One day our Youth Pastor, Rick, was delivering a lecture on the
topic of love. Or more truthfully, about marital rape, although
none of us were sophisticated enough—nor allowed to be sophisticated
enough—to understand it precisely in those terms. Instead,
this was a message on love and what to expect from it, a point clearly
directed towards us boys even though we were a minority in the classroom.
Married couples exist as one flesh and all the other standard topics
were addressed, but the primary argument was that of submission:
marital rape cannot happen because if one partner fails to consent,
an ethical breach in the relationship has already occurred: and
that a marital breakdown more worrisome had already occurred, with
one partner putting the other into the position of being a rapist.

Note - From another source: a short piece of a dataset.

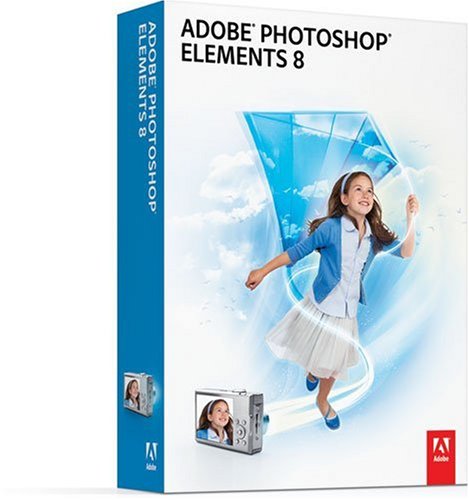 Adobe Photoshop Elements 8 englisch MAC von Adobe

Rick appealed to us boys with a personal example of husbandly duty,
imploring, “Yes, even if I don’t feel like it, it’s
still my responsibility to make love with my wife if that’s
what she wishes.” It was a smart way of reversing the issue
of marital rape into some sort of gender neutral phrasing that had
all of us boys thinking of how we can’t wait to begin fulfilling
our civic duties for Jesus. But in closing his speech, Rick also
managed to imply that to really give Jesus his just due,
you have to abstain from marriage (and thus all relationships and
sexual activity), because all of that takes time away from the Lord.

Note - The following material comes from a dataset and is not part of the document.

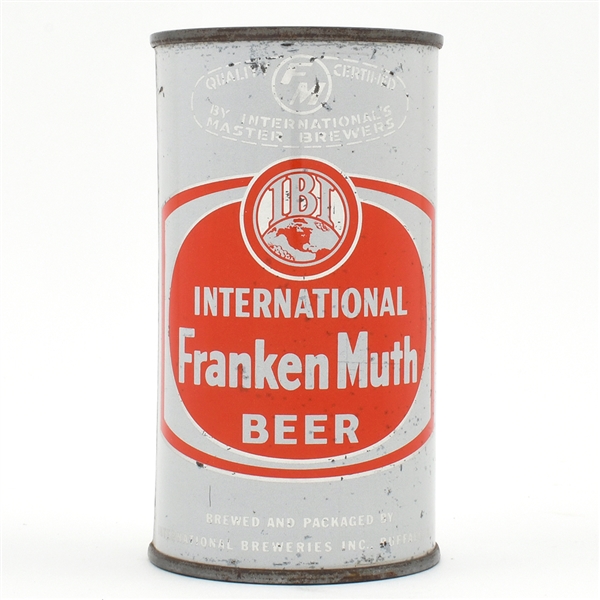 International Frankenmuth Beer Flat Top BUFFALO 85-23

This was a Baptist church, and Rick himself was happily married
with two daughters. In fact, he once tried setting me up with one
of them despite me being quite a bit older, though I forget which:
Noël was the smart one and Nicole was the pretty one, and everybody
knew that fact about them, but how they knew it is beyond me since
they were identical twins. But he had to concede that he wasn’t
that strong in the Lord himself, that God had put the urge to love
a woman inside him.
The discussion continued, about how people are born with various
gifts, put there to glorify God, and Rick began naming people around
the room. Rachel had temperance, Beth had empathy, and when he got
to me, he froze. He didn’t really know me that well on a personal
level as I wasn’t part of his youth group, even though he
thought me a good match for his daughter. After staring at me an
inordinate amount of time, he stammered something about me knowing
big words and being able to teach people stuff. Perhaps it was Noël
I was supposed to marry.
But it was exactly then that Jeff piped up. He probably realized
that if it was that difficult for Rick to find Jesus’ gift
in me, it would probably be a whole lot more messy for him. So he
ejaculated—and if that word is ever appropriate when discussing
speech, Jeff’s delivery style is the premiere candidate—something
to the effect that he is in fact that Strong in Christ,
that Jesus didn’t put that urge to love a woman inside him,
and that he’d be able to dedicate his life to the ministry
through this blessing.
I can’t know for sure, but I imagine that everyone was staring
at him with a look of blank horror at that moment: I certainly was.
It was something about Jeff’s internal life that we certainly
didn’t want to know about, even as Rick congratulated him
for his gift. I also can’t know if Jeff did dedicate his life
to the ministry: last I heard he was drummed out of the Air Force
because he refused to take orders from a female superior. That certainly
makes him a good candidate for the church. But then and there, sitting
on my paisley futon, I saw how Jeff had been roped into saying that,
corralled into being the loser that everyone thought he was. He
stepped into that role and was rewarded for that stepping with a
cheap trophy saying “God’s Gift,” confirming everything
that everyone besides God had ever thought about him.
I decided a lot of things for myself at that moment.